Dr. Kevin Brown, Columbia Public Schools’ new assistant superintendent, never goes anywhere without his saxophone. He plays both tenor and soprano sax, and he started when he was 23, fresh out of grad school and teaching at Southern University of Baton Rouge.
“I was teaching kids at the university basically my same age,” Brown says. “I went to a pawn shop, and I just wanted to look around, and I saw some instruments, and I had a master’s degree and everything, and I decided not to teach summer school — I wanted to learn how to play the saxophone.”
He started out teaching himself, squeaking out the notes to “Go Tell Aunt Rhody” and “Mary Had a Little Lamb.” He baffled his parents by playing “Jingle Bells” repetitively in July.

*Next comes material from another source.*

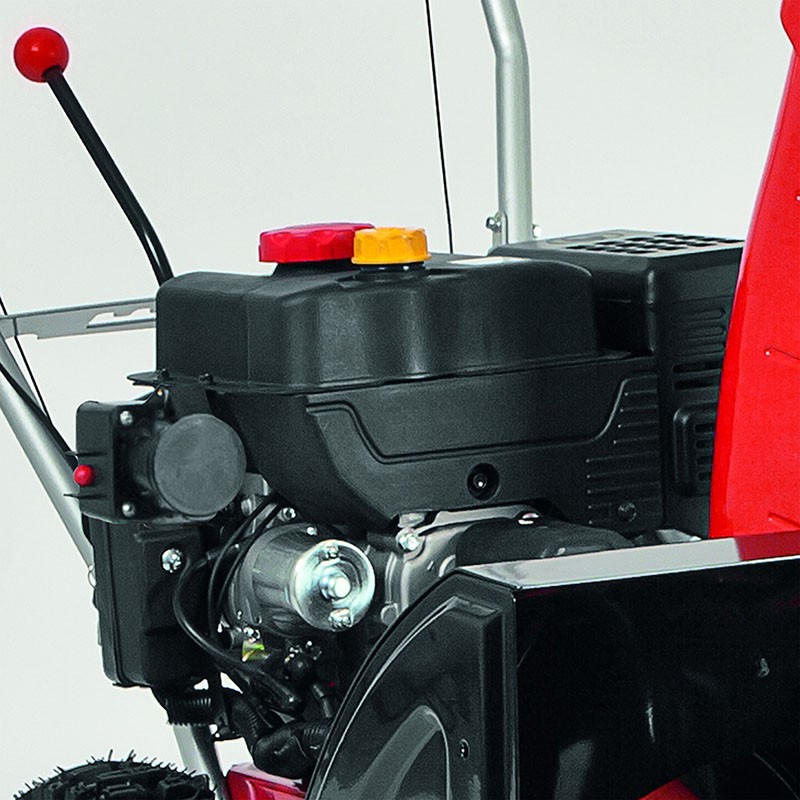 Snow thrower SnowLine 620 E II (Loncin 7 HP) 112935 AL-KO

Eventually, he got a private teacher, and once he got good enough, he studied at the Wisconsin Conservatory of Music, in Milwaukee, under instructor Berkley Fudge, a famed Wisconsin saxophonist.

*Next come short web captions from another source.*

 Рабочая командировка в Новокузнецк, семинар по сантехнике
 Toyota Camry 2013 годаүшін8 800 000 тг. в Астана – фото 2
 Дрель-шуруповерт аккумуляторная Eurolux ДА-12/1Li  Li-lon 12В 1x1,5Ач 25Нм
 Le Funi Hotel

Brown taught in the daytime and played in the nighttime.
“To be honest, I’m glad it happened late in life for me because most people put their instruments down, but I had gotten my education out of the way, so I wasn’t depending on the instrument to make money,” Brown said. “You know, I had a teaching job, but I surrounded myself with other people who knew far more than I did, so I was able to gather stuff from them and practice for hours and hours, and I did, and I’ve been playing ever since.”
Brown thinks learning music can be an important part of education, and he appreciates the emotional side of learning music.
“Being a jazz musician, or an improviser, has sometimes helped me on the job in dealing with things that I’ve never dealt with before,” he says. “But on the other side of that, it’s a great outlet. It allows for relaxation.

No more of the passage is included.